(SUPPLIED RECORDS begins)

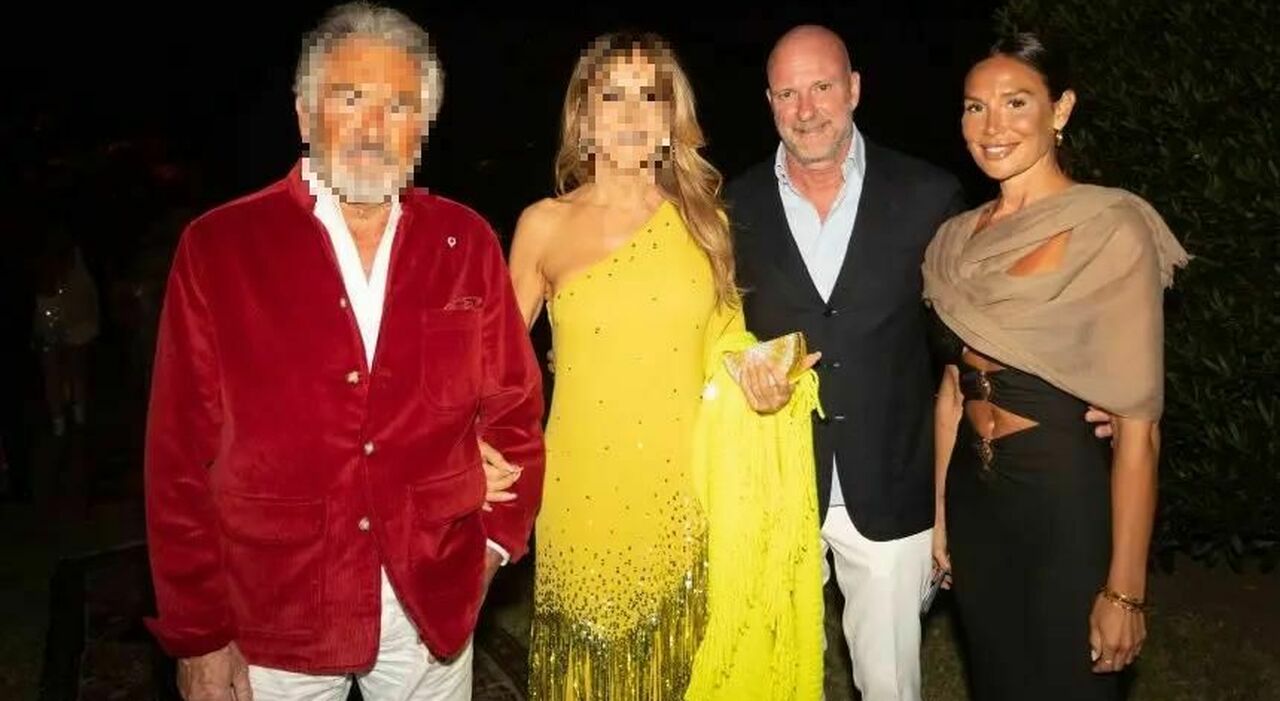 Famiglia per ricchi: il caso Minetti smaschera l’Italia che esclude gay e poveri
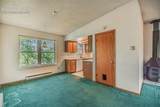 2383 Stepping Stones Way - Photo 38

(SUPPLIED RECORDS ends)
(SUPPLIED RECORDS begins)

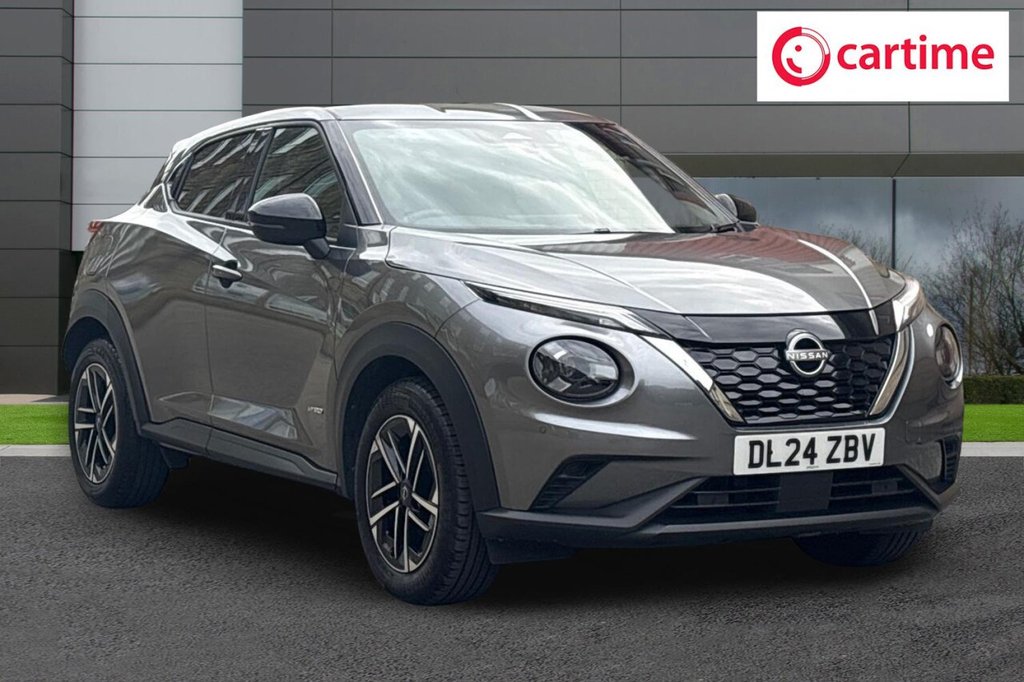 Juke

(SUPPLIED RECORDS ends)

Above are the records. Copy only the lines from the one with "Famiglia per ricchi: il" through the one with "2383 Stepping Stones Way - Photo 38", exactly, with no pictures.

=== EXERCISE SOLUTION ===
 Famiglia per ricchi: il caso Minetti smaschera l’Italia che esclude gay e poveri
 2383 Stepping Stones Way - Photo 38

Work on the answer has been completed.